BookmarkSubscribeRSS Feed
Nieves
Quartz | Level 8

Hi,

 

May I ask how to calculate: the standard deviation of each firm’s daily stock return over the past three months (SIGMA), using daily stock price data from CRSP ?

 

If there are fewer than five nonzero observations over the 3 months used in the rolling window computation, SIGMA will be counted as missing and replace with the cross-sectional mean of SIGMA. 

 

Thanks

 

 

13 REPLIES 13
s_lassen
Meteorite | Level 14

The easiest way to do this is probably storing the returns in an array, something like:

Data want;
  set have;
  by Stock_code:
  array returns(0:90) 8 _temporary_; /* 3 months is about 91 days */
  if first.Stock_code then 
    call missing(of returns(*));
  returns(mod(_N_,91))=daily_return;
  if n(returns)>1 then
    st_dev=std(of returns(*));
run;

Note the use of a zero-based array, it makes the calculation of the array index a simple modula of _N_.

Nieves
Quartz | Level 8

 

Thank you very much for your reply. If there is an additional requirement that if there are fewer than five nonzero observations over the 3 months used in the rolling window computation, SIGMA will be counted as missing and replace with the cross-sectional mean of SIGMA. May I ask how to add that in your following code to implement ? 

Nieves
Quartz | Level 8

Hi @Ksharp

 

Thank you very much for your kind reply in another thread on calculating rolling standard deviation. This is my new thread. I have built from your prior code. May I seek your advice on whether it is correct ? 

 

proc sql;
create table want as
 select *,
case when count(return) <5 then .
else
(select std(return) from have where id=a.id and date between intnx('month',a.date,-3) and a.date )
end as std
   from have as a;
quit;

proc stdize data=have reponly method=mean out=want;

var std;
run;

 

 

 By the way, it seems that proc sql runs slowly, may I seek your advice on how to add the requirement of coding std as missing and replacing as cross section mean of std, if there is less than five nonzero observations over the prior 3 months in the rolling window ? 

using the following code you have provided in the another thread ? Thanks!!

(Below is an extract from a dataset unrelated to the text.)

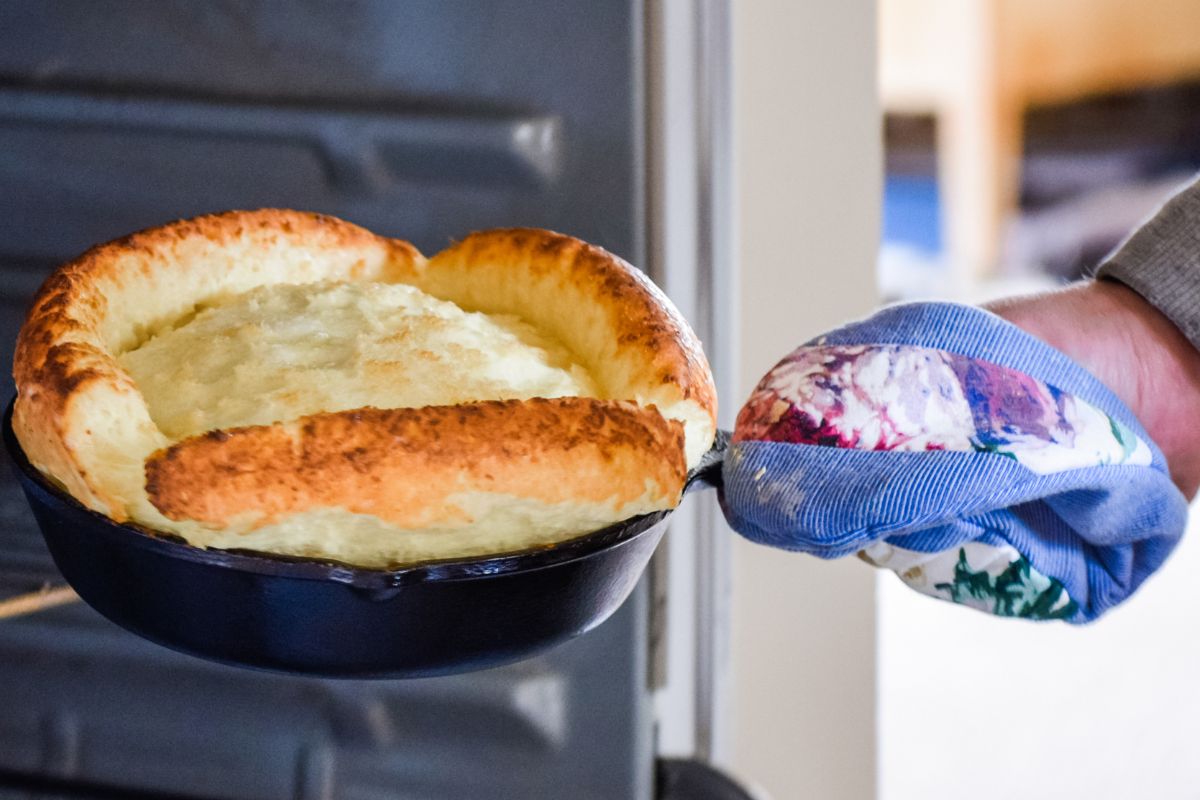 Tyle słyszałam o naleśnikach holenderskich, iż w końcu je zrobiłam. Z tego przepisu wyrastają ogromne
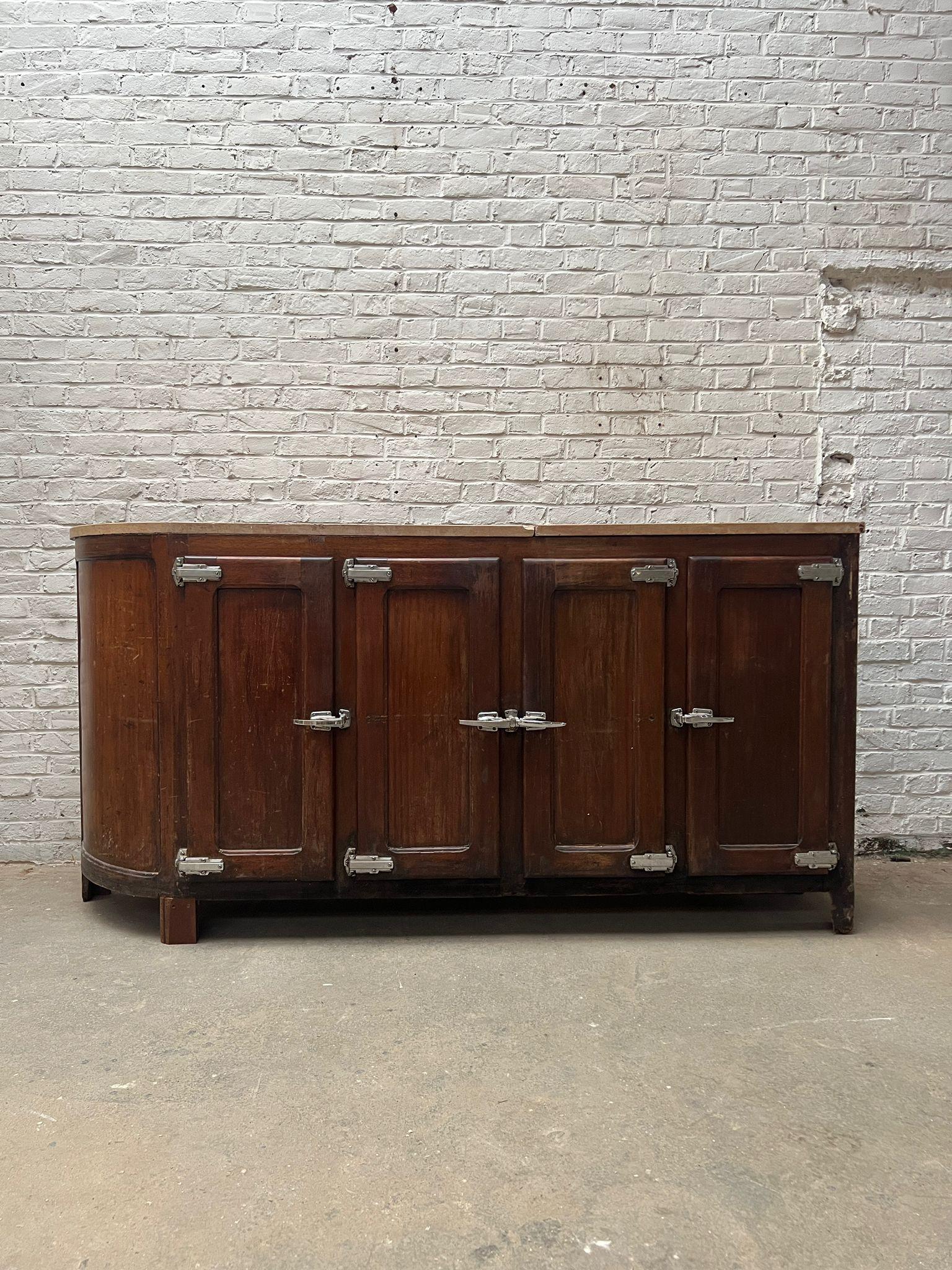 Vintage arrière-bar with a natural marble top en vente 3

proc import datafile='c:\temp\daily_ret.txt' out=have dbms=tab replace;
guessingrows=32767;
run;
data have ;
 set have;
 ret=input(Returns,?? best32.);
 drop Returns;
 monyy=intnx('month',Names_Date,0);
 format monyy yymmn6.;
run;
proc sort data=have;by PERMNO monyy Names_Date;run;

data want;
 if _n_=1 then do;
   if 0 then set have(rename=(ret=_ret));
   declare hash h(multidata:'y');
   h.definekey('Names_Date');
   h.definedata('_ret');
   h.definedone();
 end;

array x{100} _temporary_;
do until(last.PERMNO);
 set have;
 by PERMNO;
 _ret=ret;h.add();
end;

do until(last.PERMNO);
 set have;
 by PERMNO;
 n=0;call missing(of x{*});
 do i=intnx('month',monyy,-3) to intnx('month',monyy,-1,'e');
   rc=h.find(key:i);
   do while(rc=0);
     n+1;x{n}=_ret;
     rc=h.find_next(key:i);
   end;
 end;
 std=std(of x{*});
 output;
end;

h.clear();
drop i _ret n rc;
run;

 

 

Ksharp
Super User

Yeah. Hash Table is faster. You could use the following code to see if count(return)<5.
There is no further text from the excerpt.